If you have never read the original Chaos report from the Standish Group you should stop looking at this screen and immediately read it. When you have finished, come back here and read on.
For those of you who read the report sixteen years ago and have forgotten it, this report, among other things, identifies reasons for failure of software projects. The original report in 1994 showed 16% of software projects succeeded, 53% were completed but with cost and time overruns and reduced deliverables and 31% were complete failures. In 2004 the Standish Group reported that this had improved to 29% succeeded and only 18% failed.
Yikes!!! In 10 years, as an industry, we have gone from 31% total failure to 18% total failure. I am really happy that we are not building airplanes!
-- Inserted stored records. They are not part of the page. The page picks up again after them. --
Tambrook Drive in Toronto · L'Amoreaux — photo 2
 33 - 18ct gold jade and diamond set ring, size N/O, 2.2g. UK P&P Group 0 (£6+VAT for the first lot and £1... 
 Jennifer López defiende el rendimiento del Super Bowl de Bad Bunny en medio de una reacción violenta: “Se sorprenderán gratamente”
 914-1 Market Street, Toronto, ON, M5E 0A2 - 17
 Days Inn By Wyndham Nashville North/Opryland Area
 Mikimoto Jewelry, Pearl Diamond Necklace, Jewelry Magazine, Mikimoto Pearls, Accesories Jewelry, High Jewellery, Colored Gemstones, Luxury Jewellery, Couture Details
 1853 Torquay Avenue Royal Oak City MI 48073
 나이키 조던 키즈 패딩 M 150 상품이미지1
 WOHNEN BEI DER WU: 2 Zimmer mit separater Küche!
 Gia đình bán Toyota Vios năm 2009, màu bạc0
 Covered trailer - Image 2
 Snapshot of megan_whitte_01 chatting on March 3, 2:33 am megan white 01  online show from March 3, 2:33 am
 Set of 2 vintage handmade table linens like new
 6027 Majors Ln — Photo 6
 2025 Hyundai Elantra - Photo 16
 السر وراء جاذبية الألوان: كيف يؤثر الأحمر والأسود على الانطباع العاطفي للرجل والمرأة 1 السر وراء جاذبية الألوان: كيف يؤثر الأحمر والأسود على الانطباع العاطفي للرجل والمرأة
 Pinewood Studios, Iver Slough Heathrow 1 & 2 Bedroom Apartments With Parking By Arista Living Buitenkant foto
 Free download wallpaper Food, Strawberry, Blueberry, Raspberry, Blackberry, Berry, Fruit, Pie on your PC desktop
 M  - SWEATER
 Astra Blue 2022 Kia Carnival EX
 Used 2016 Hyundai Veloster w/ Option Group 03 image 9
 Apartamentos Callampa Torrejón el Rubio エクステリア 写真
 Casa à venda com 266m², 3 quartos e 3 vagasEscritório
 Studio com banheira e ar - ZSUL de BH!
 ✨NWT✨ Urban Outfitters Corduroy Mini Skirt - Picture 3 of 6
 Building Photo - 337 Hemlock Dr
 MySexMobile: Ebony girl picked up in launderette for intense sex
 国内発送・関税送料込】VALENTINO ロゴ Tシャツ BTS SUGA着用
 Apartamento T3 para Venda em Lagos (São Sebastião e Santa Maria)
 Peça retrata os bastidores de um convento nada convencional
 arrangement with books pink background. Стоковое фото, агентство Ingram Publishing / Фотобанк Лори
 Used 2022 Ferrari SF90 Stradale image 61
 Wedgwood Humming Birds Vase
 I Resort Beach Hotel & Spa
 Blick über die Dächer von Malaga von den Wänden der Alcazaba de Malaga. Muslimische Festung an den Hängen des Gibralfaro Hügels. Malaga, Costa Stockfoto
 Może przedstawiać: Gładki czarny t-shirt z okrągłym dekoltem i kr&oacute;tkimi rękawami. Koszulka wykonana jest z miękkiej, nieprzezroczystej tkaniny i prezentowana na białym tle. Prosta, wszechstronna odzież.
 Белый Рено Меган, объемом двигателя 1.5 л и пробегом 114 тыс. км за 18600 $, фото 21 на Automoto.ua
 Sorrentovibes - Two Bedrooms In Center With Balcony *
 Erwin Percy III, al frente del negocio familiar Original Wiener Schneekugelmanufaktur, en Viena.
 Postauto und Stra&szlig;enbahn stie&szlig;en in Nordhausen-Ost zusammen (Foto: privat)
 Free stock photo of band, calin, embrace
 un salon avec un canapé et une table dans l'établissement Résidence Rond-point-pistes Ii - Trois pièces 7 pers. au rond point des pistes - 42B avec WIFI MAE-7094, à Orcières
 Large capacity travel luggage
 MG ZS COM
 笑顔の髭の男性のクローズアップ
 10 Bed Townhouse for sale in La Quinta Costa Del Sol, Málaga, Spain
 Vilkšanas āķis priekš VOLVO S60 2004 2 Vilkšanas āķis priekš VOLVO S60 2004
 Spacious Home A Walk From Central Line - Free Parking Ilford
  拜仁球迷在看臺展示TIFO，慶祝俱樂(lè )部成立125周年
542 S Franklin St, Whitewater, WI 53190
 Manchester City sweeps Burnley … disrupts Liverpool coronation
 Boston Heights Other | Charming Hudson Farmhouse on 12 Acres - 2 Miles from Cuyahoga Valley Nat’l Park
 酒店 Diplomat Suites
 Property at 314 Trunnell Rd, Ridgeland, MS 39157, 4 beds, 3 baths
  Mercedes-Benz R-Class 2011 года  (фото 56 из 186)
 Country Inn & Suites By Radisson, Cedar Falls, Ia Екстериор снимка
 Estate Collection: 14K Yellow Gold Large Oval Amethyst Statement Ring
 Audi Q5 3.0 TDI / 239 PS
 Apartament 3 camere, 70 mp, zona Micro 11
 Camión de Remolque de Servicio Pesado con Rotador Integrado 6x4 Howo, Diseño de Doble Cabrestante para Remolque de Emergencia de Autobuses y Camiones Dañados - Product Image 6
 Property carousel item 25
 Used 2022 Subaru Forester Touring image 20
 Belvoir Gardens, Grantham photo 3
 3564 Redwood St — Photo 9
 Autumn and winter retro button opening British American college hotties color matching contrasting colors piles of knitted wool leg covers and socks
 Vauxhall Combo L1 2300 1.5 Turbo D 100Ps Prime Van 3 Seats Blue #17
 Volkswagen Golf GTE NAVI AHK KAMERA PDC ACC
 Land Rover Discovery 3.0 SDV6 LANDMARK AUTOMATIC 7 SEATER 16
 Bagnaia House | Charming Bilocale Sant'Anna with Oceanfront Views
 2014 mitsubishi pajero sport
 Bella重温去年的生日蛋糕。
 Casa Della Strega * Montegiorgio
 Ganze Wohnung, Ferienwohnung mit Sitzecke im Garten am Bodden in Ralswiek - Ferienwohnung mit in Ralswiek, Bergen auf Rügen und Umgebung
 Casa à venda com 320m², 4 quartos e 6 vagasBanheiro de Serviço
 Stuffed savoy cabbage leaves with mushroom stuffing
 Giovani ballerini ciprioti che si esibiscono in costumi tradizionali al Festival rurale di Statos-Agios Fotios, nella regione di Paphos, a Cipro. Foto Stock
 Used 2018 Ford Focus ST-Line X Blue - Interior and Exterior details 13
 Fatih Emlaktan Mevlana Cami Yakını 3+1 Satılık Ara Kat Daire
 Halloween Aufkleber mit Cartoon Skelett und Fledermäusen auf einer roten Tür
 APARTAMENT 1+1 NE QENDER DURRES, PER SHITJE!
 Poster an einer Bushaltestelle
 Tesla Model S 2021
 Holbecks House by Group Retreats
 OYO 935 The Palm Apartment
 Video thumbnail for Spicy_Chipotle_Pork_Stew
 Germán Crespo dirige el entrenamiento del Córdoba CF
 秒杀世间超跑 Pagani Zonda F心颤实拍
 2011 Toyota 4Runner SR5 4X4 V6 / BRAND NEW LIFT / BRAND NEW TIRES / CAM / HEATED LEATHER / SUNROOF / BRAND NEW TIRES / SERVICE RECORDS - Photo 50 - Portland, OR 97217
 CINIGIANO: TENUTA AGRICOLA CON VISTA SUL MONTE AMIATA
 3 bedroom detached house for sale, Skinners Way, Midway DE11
One of the primary reasons for the limited improvement of the failure rate that we have been able to achieve is the continued long project timelines. The Chaos report states, “Research at The Standish Group also indicates that smaller time frames… will increase the success rate.” On my scale, a project with a timeline of more than a year has almost no chance of success, while a project with a timeline of a few weeks has a very good chance of success.
What about a data warehouse project? Usually these are measured in months, often exceeding a year. How is the success rate? According to Bill Inmon’s estimate there is a failure rate of 70% – 80%. Other studies have reported failure rates as high as 90%. Given the overall failure rate of software projects from the Standish Group, it seems like data warehouse projects are the primary source of project failures in the IT industry.
Of course, one can respond that building a data warehouse is a big job and requires a lot of time. Where is most of the time spent? Requirements definition, schema design, data normalization, optimizing indexing strategy and designing all of the secondary structure needed for access to information.
Now, I would like to challenge the other database vendors to participate in benchmarks where these factors are evaluated rather than the essentially meaningless TPC-H tests. I think most people would agree that any success is better than a large failure and these are the factors that will determine whether your data warehouse project will need sixty days to succeed or sixty weeks to fail.